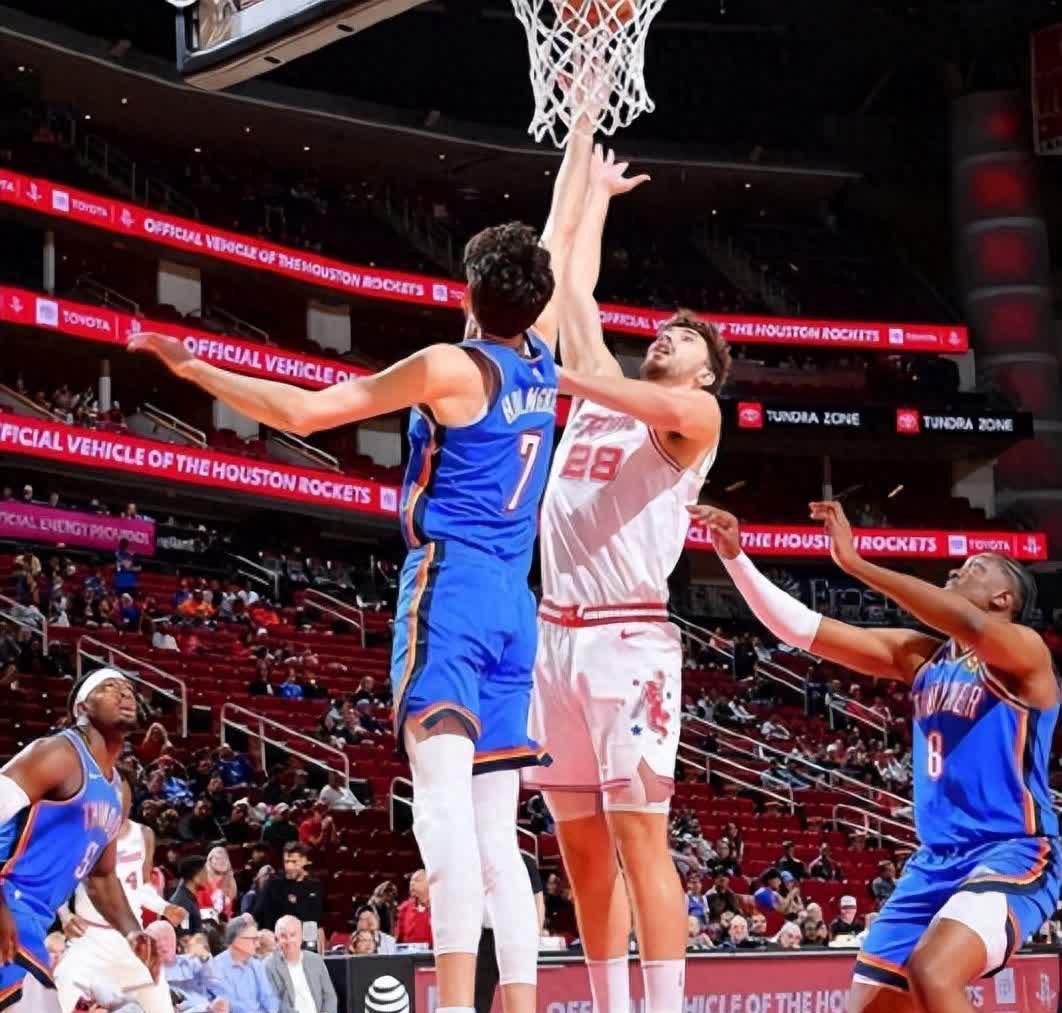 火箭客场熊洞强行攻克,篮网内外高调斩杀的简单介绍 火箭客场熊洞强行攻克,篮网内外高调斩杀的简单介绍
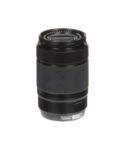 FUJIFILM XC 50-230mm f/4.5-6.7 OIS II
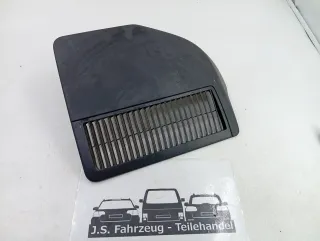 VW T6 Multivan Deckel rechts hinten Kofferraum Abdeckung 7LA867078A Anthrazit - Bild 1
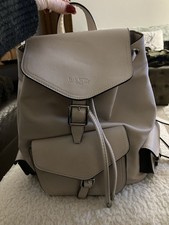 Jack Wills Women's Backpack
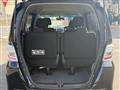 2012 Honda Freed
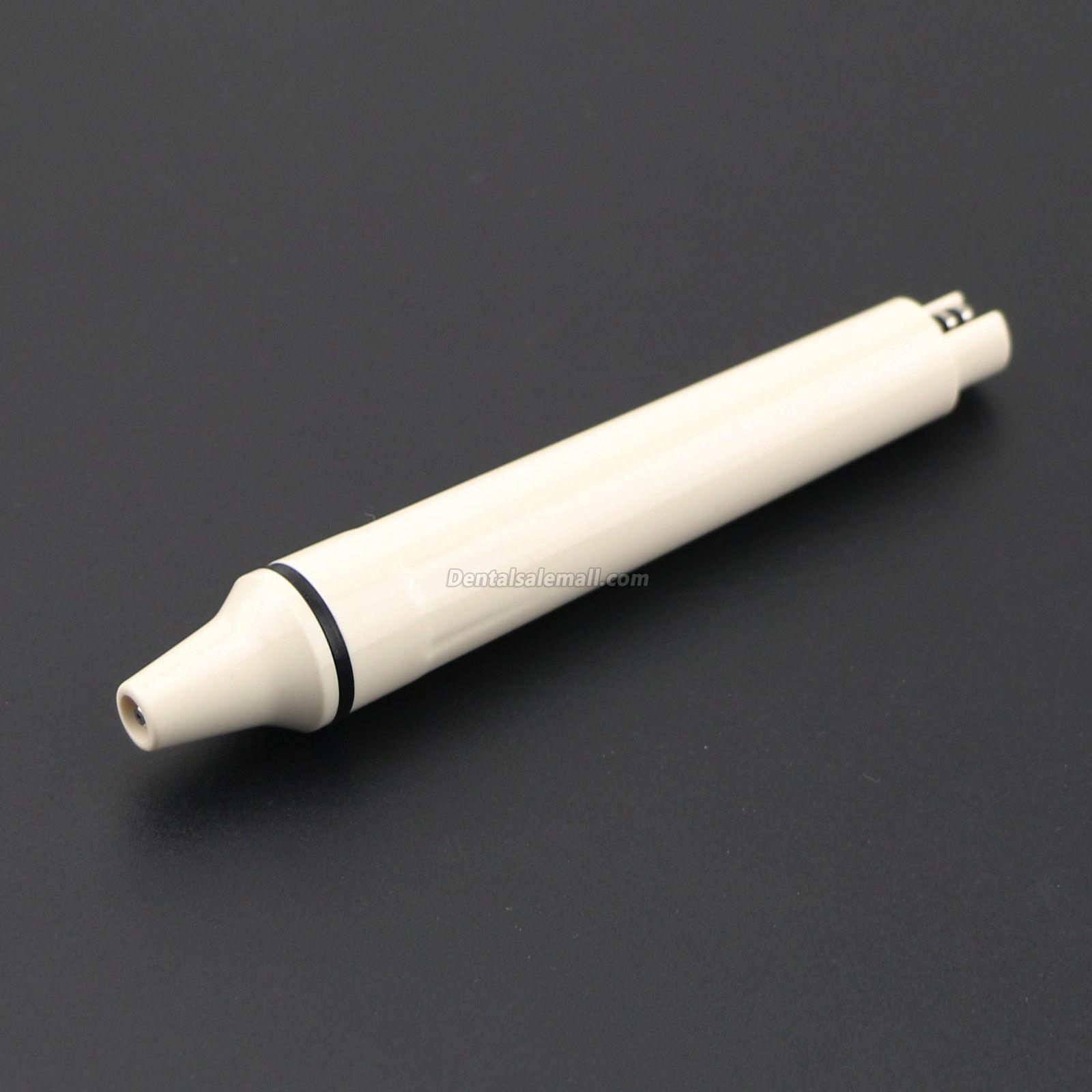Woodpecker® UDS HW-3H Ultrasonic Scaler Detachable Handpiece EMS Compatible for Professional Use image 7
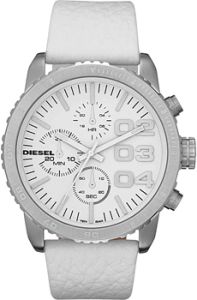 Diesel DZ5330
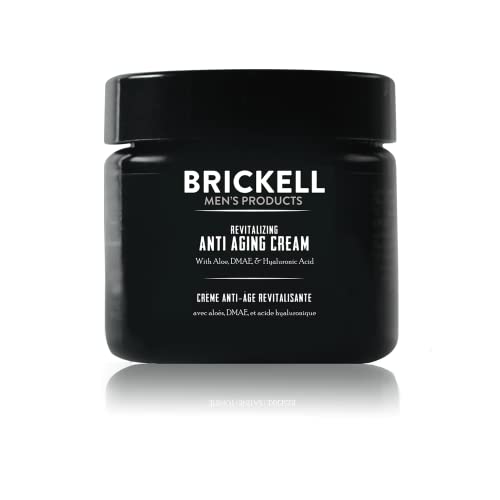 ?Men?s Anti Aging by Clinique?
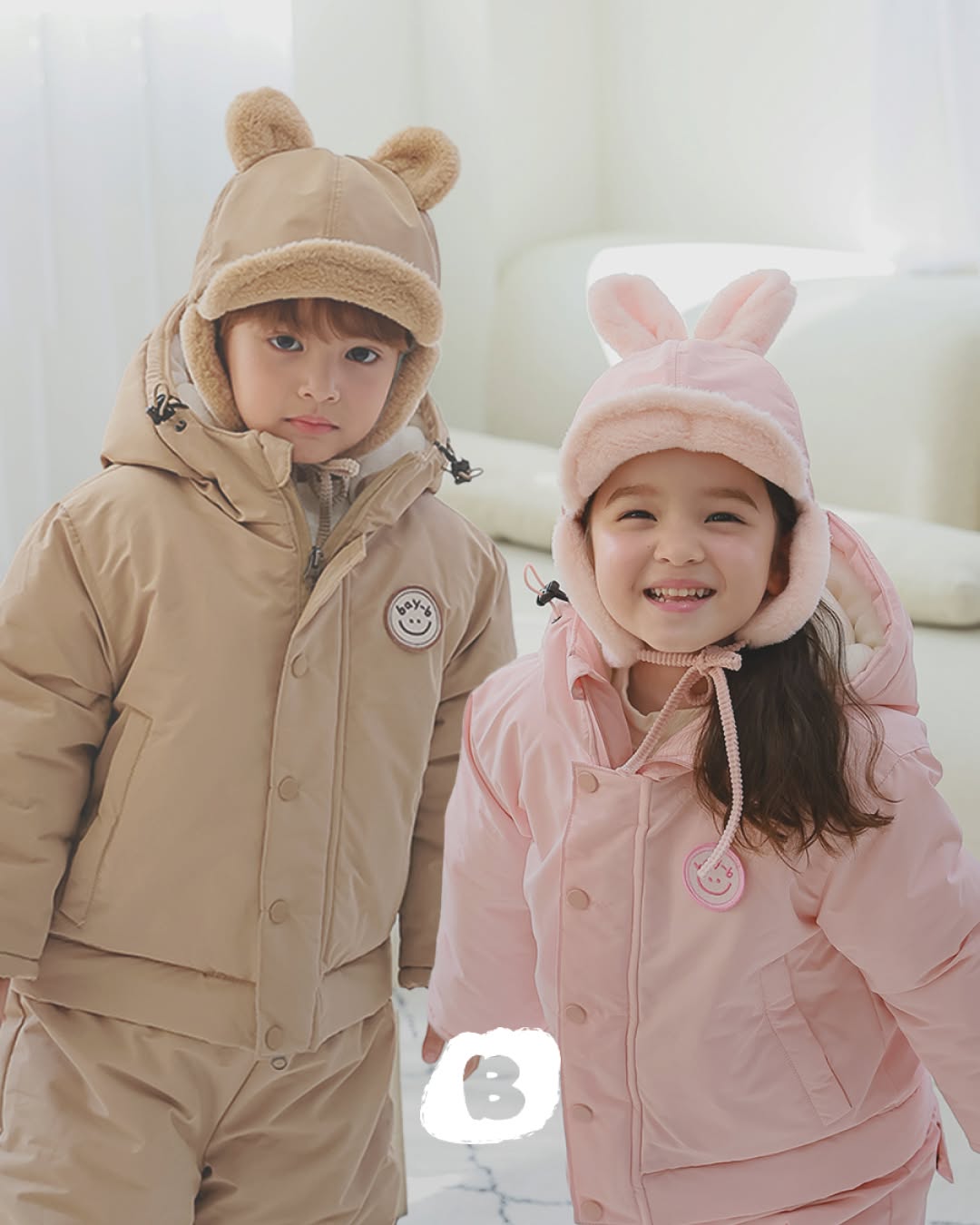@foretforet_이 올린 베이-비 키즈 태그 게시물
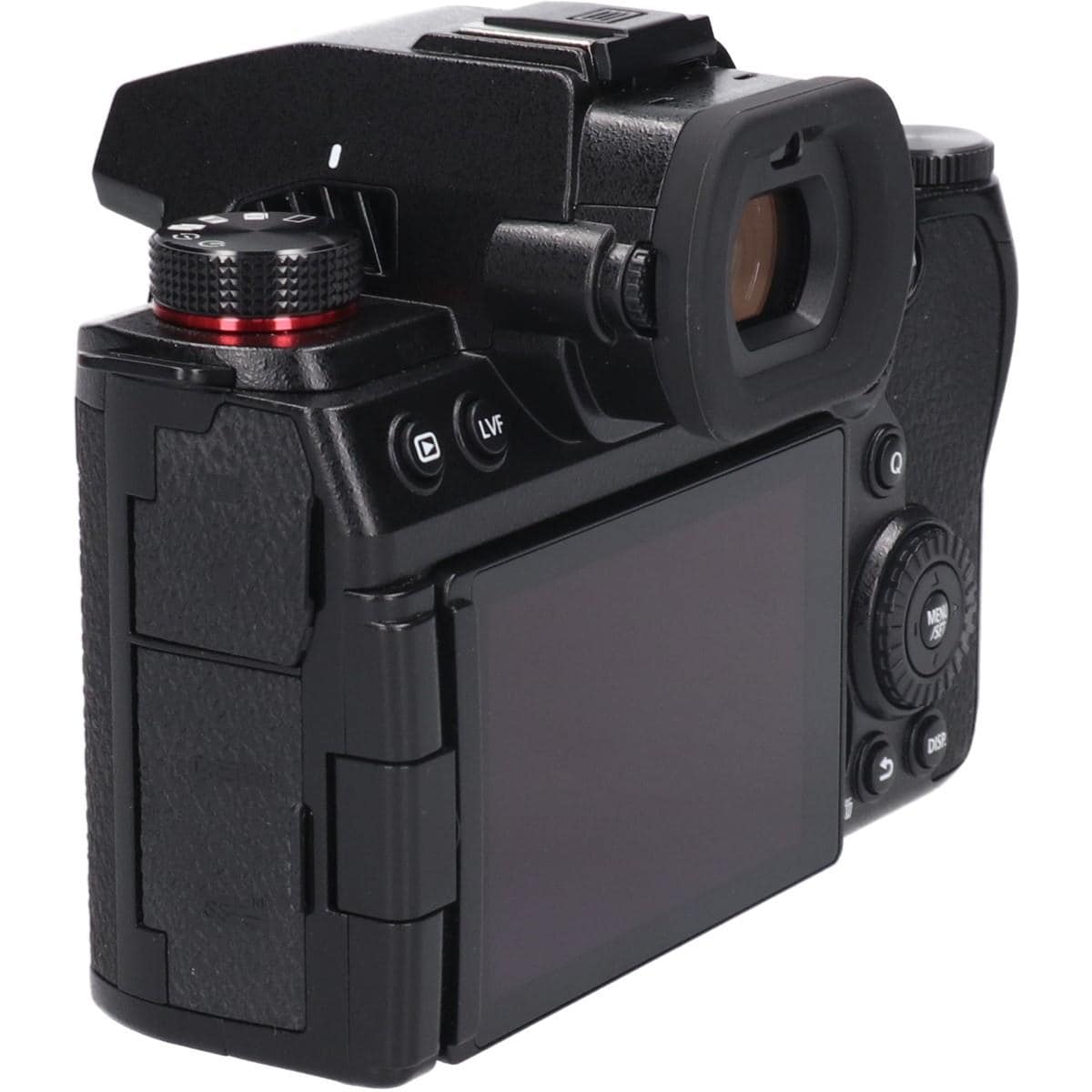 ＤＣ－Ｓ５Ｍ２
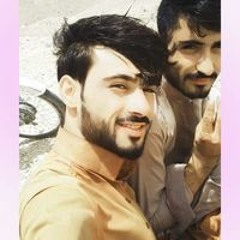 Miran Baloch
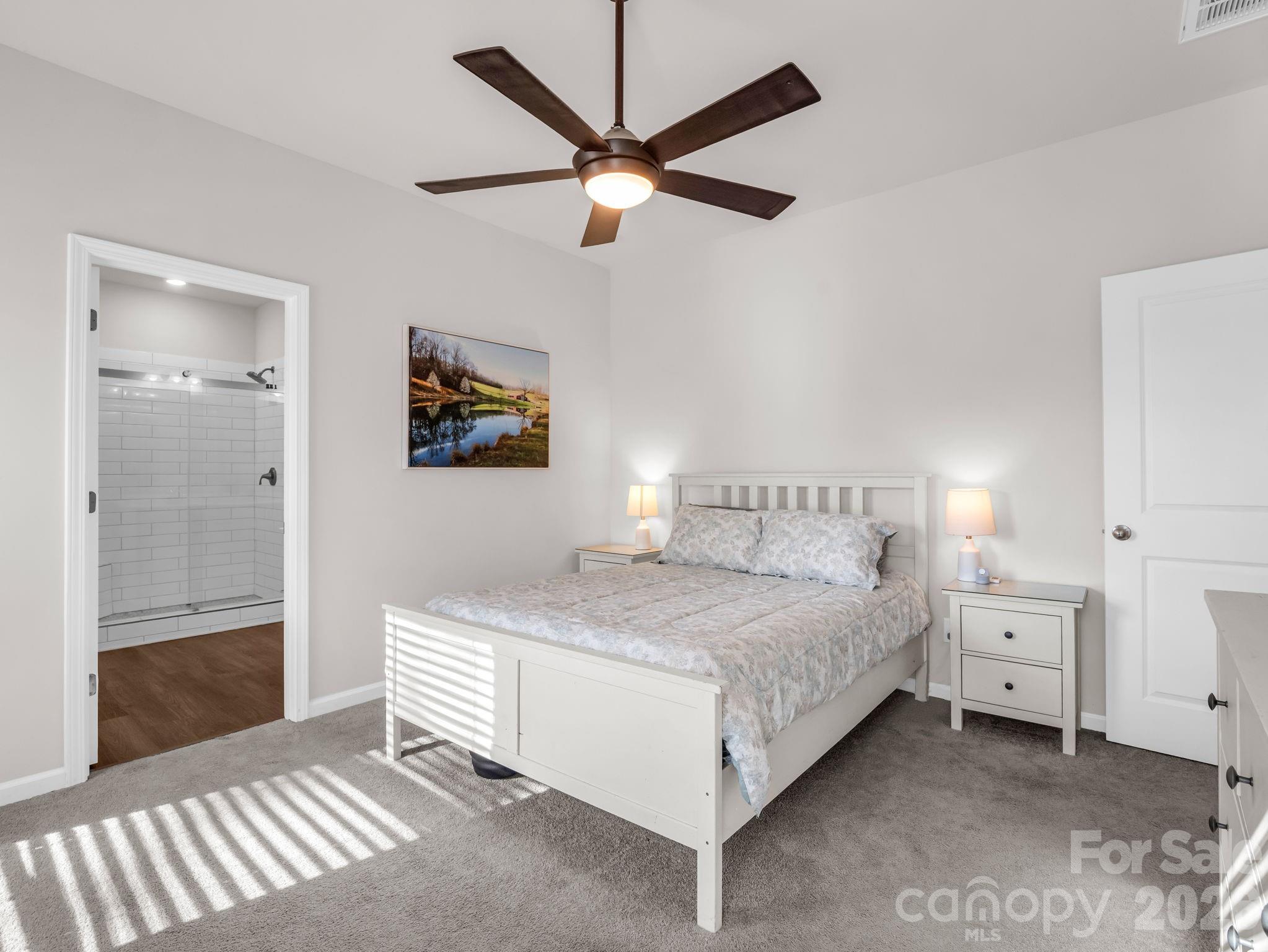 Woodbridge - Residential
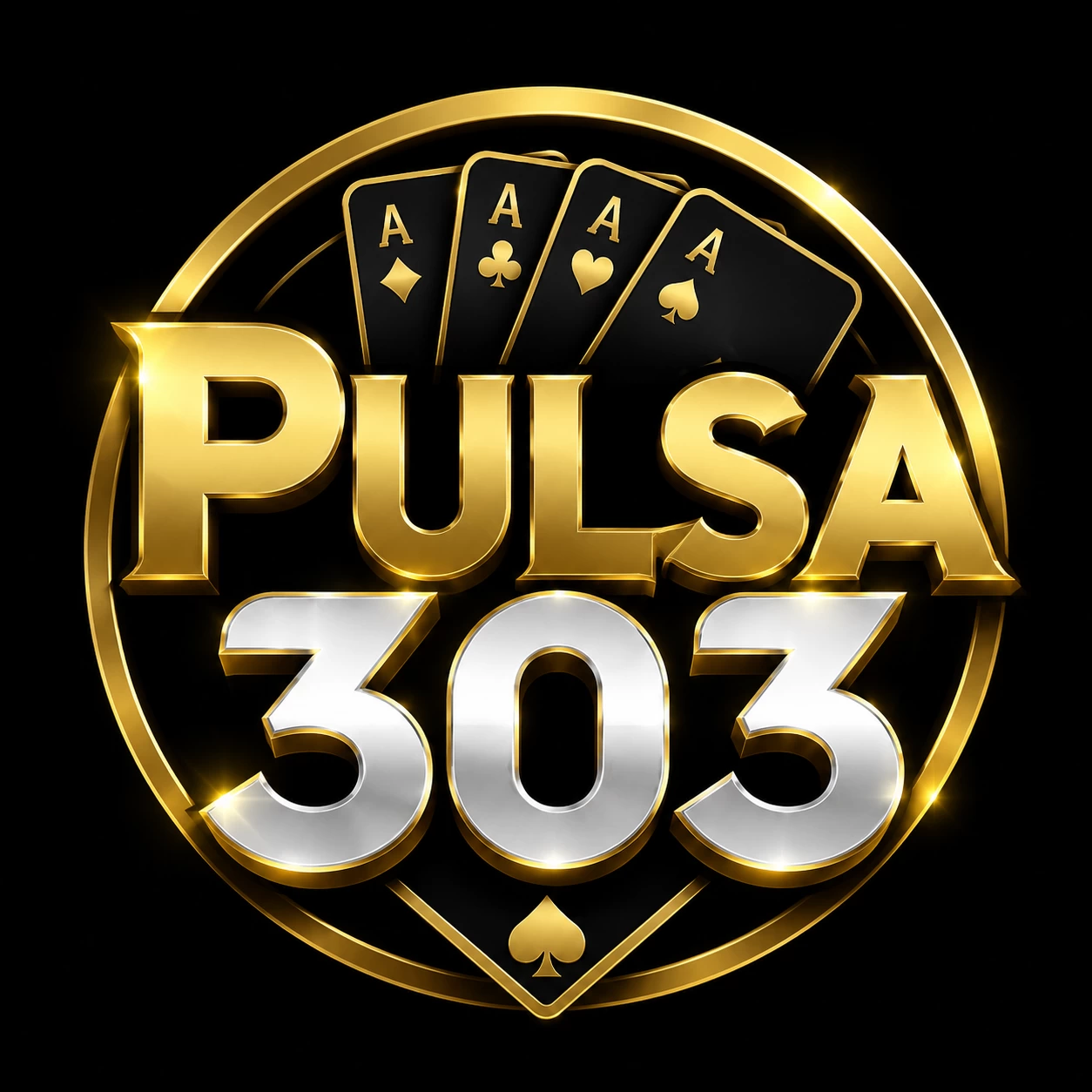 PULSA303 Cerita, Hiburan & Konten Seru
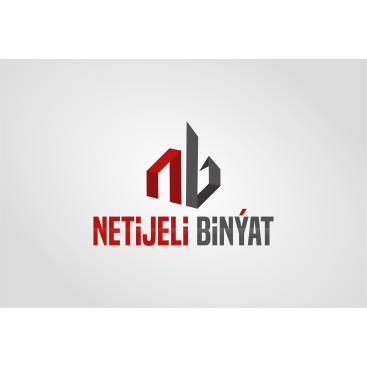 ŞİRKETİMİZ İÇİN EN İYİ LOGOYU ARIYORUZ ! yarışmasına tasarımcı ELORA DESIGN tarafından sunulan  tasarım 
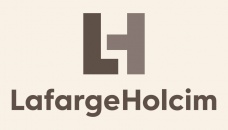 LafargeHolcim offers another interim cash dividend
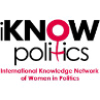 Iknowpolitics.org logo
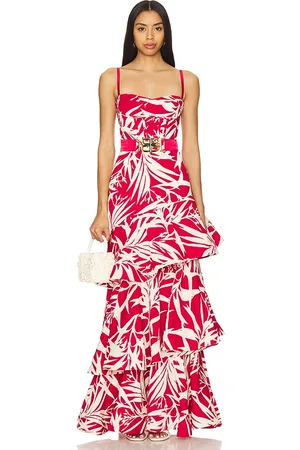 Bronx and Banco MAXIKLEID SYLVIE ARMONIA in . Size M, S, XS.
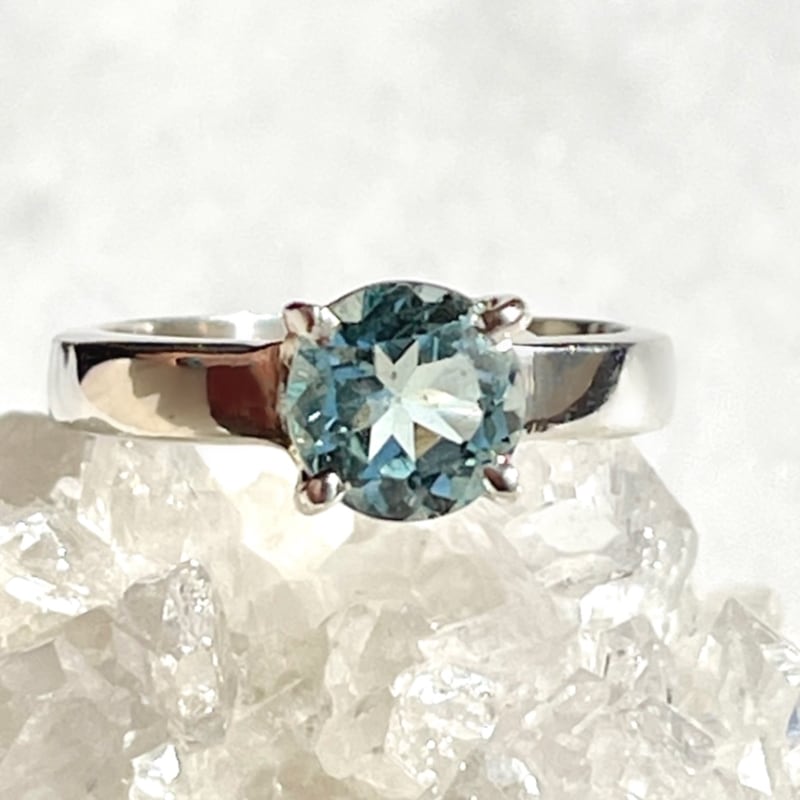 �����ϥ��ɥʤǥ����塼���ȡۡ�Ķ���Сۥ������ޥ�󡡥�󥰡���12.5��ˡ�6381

══════

# Description of the task
Print again, word for word, every line from the line with "Miran Baloch" to the final line of the records, inclusive; skip the pictures.

# Solution to this task
 Miran Baloch
 Woodbridge - Residential
 PULSA303 Cerita, Hiburan & Konten Seru
 ŞİRKETİMİZ İÇİN EN İYİ LOGOYU ARIYORUZ ! yarışmasına tasarımcı ELORA DESIGN tarafından sunulan  tasarım 
 LafargeHolcim offers another interim cash dividend
 Iknowpolitics.org logo
 Bronx and Banco MAXIKLEID SYLVIE ARMONIA in . Size M, S, XS.
 �����ϥ��ɥʤǥ����塼���ȡۡ�Ķ���Сۥ������ޥ�󡡥�󥰡���12.5��ˡ�6381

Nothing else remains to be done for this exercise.